Sixty years ago today in London, England, a fight took place that grew and grew mythologically, with each passing year adding more and more willing believers of the myth. The myth – that the beloved Henry Cooper was unfairly denied his chance to go for the knockout against the big mouth Cassius Clay because Clay’s trainer/cornerman, the wise Angelo Dundee, had torn a hole in his fighter’s glove and a delay came as the damaged glove was replaced – was eaten up by the British public for decades.
Cooper, badly bleeding, had sensationally decked the unbeaten heavyweight contender, this in round four, just before the bell came to end the round. Clay was seriously hurt. The 21 year old “Louisville Lip” staggered back to his corner, regaining his feet a couple of seconds after sitting down, with Dundee shoving him back down onto his stool, with Angie then breaking open some smelling salts (this being illegal) and forcing them under the nose of his stricken charge.
Clay actually appears to come to his senses in the black and white footage of the fight that has been examined again and again so many times. And then Dundee calls over the referee, Tommy Little, informing the third man of a tear in his fighter’s right glove. When informed that there were no replacement gloves available, Dundee said, ‘Okay, we’ll use these.’ (later, as a result of the Clay-Cooper fight, a mandate was passed that ensured a spare pair of gloves was always present at ringside).
Clay then came out for round five and proceeded to make good on his prediction of stopping “Bum Cooper” in five. The extra time Clay got due to the glove issue? Three, maybe four seconds. And far from causing the tear in the glove, Dundee merely made an already slightly torn glove worse and brought it to the attention of the referee. Yet over the years, thanks in large part to national treasure Cooper himself, the extra time Clay got grew to anywhere from a full minute to two minutes, to even longer. While plenty of people were adamant Dundee damaged a perfectly fine glove.
“Our Enry,” one of the most popular sportsmen in Britain, would appear on TV shows many times over the coming years, talking about the fight. Cooper would recount how, as a fighter he instinctively knew how much time had elapsed in a round or during the break between rounds. Cooper said on at least one occasion how, as he was sat in the corner after flattening the cocksure American, he was thinking to himself, ‘Is he coming out, is he not coming out?’ Yet only something like three or four extra seconds went by. Cooper, a great person and a great fighter, possibly said what he said so many times he ended up believing it himself. Certainly, no TV interviewer ever pulled Henry up on the subject or questioned the actual length of the delay.

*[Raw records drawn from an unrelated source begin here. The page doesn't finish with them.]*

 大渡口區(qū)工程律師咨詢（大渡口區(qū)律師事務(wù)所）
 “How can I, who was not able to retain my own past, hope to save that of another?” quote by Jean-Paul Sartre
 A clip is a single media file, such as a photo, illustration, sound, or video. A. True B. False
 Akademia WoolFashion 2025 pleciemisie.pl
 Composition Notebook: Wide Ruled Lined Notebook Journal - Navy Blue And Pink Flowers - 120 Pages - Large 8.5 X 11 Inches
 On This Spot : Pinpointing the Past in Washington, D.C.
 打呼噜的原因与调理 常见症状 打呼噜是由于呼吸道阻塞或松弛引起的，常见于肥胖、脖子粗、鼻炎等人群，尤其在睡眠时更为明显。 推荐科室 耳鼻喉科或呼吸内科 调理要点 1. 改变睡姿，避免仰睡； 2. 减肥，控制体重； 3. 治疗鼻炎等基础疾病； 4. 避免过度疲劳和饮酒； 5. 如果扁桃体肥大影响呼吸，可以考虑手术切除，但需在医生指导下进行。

People love a great story, we know that. And the fact that Cooper, at the time of his close brush with glory, was facing a not yet popular fighter, in fact a fighter many proud Brits could not stand – Clay still some years away from becoming the legendary Muhammad Ali, “The Greatest” celebrated, loved and admired all over the world – added to the misguided sense of injustice Cooper’s many fans had. The fighter Cooper faced on June 18th of 1963 was everything the average Brit could not stand: mouthy, arrogant and loud. And Clay came out with some pretty derogatory lines upon touching down in merry old England, such as, “You got a Queen but you ain’t got a King. I am King!” And “If this bum Cooper goes past five rounds, I won’t return to the Unites States for 30 days.”
Also, going into the fight, Clay had made a prediction of getting a win inside five, with him adding how “it ain’t no jive” for good measure. Clay had failed to get his prediction right in his previous fight, this a tough one with Doug Jones. The fight began well for 29 year old Cooper, with the big left-hooker bloodying Clay’s nose in the opening round and also winning the second. But Cooper’s bugbear, that of suffering cuts in almost all of his fights, served to haunt him in the third, and Clay began taunting his bleeding foe, even playing with him. Was Clay “carrying” Cooper, intending to then go for the finish he was sure he would get in the fifth, this his prediction round?
Whatever the case, Cooper made Clay pay for his lack of respect, his sizzling left hook, dubbed “Enry’s ‘Ammer” landing flush and knocking Clay down hard, the ropes breaking the visiting fighter’s fall. And there is little doubt heavyweight history would have been changed had Cooper scored his knockdown a good deal earlier in the round. Clay came back with fury in the fifth round, with him opening up with real intent as he landed swift combinations on Cooper’s bloodied face. The blood was now pouring down Cooper’s face, onto his chest and shorts. The fight had to be stopped and it was stopped.
But the myth of the extra seconds (or minutes) given to Clay, the delay robbing Cooper of an all but guaranteed KO win, was born. Yet it is just that, a myth. One British boxing fans believed for decades, only silently abandoning it all these years later.